-- Working data --
******

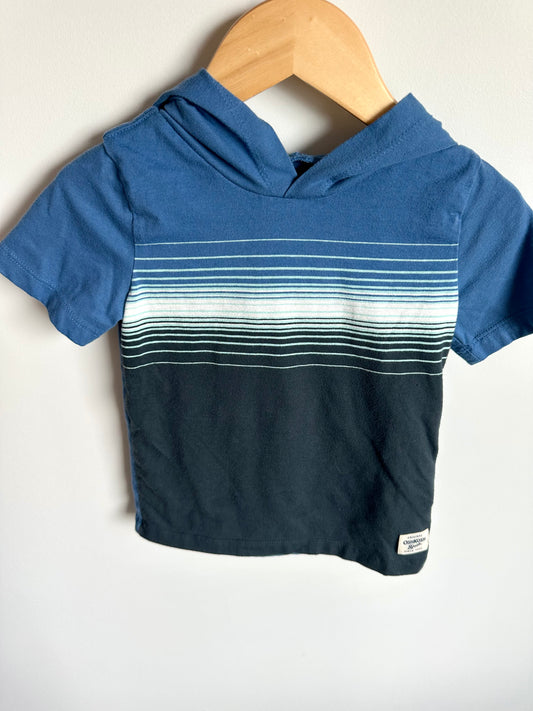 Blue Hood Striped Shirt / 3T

******

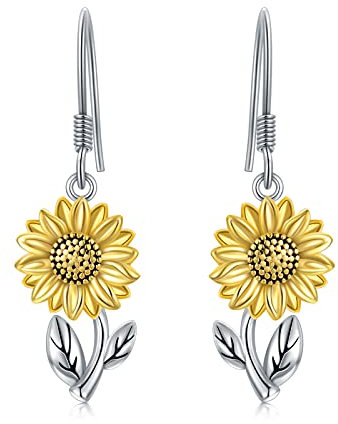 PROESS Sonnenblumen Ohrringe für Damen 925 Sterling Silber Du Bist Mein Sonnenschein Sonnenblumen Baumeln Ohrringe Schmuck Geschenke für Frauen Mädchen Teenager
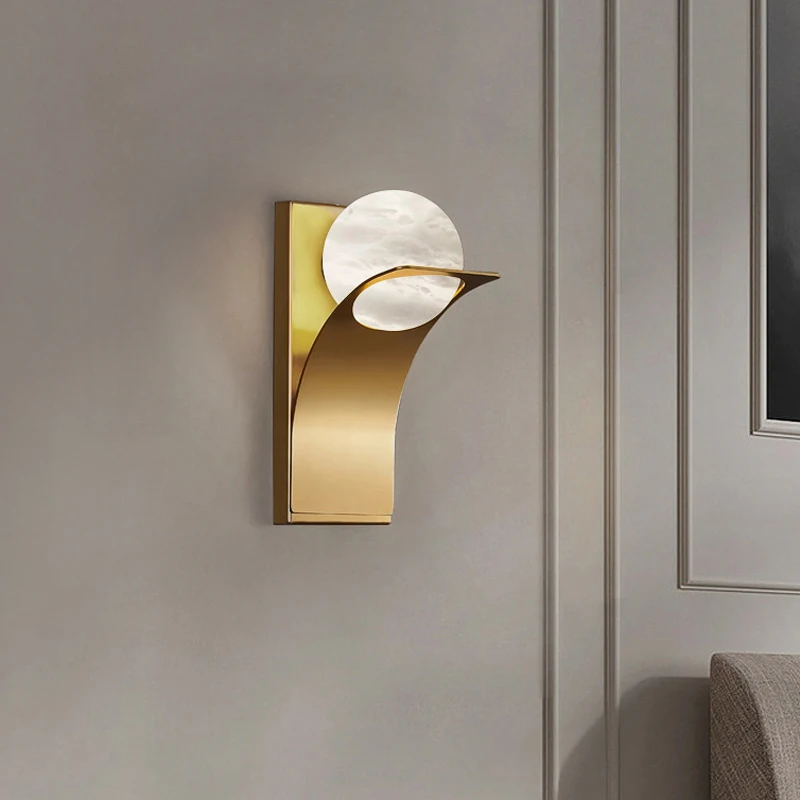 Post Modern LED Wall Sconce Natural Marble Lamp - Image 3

******

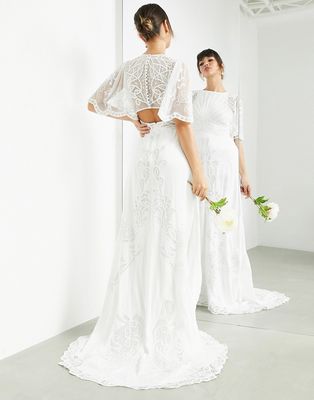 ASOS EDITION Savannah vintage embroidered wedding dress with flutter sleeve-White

******

-- What you will do --
Leave out every picture, and copy exactly the lines above starting at the one holding "PROESS Sonnenblumen Ohrringe" and ending at the one holding "Post Modern LED", no more and no less.

-- Exercise solution --
 PROESS Sonnenblumen Ohrringe für Damen 925 Sterling Silber Du Bist Mein Sonnenschein Sonnenblumen Baumeln Ohrringe Schmuck Geschenke für Frauen Mädchen Teenager
 Post Modern LED Wall Sconce Natural Marble Lamp - Image 3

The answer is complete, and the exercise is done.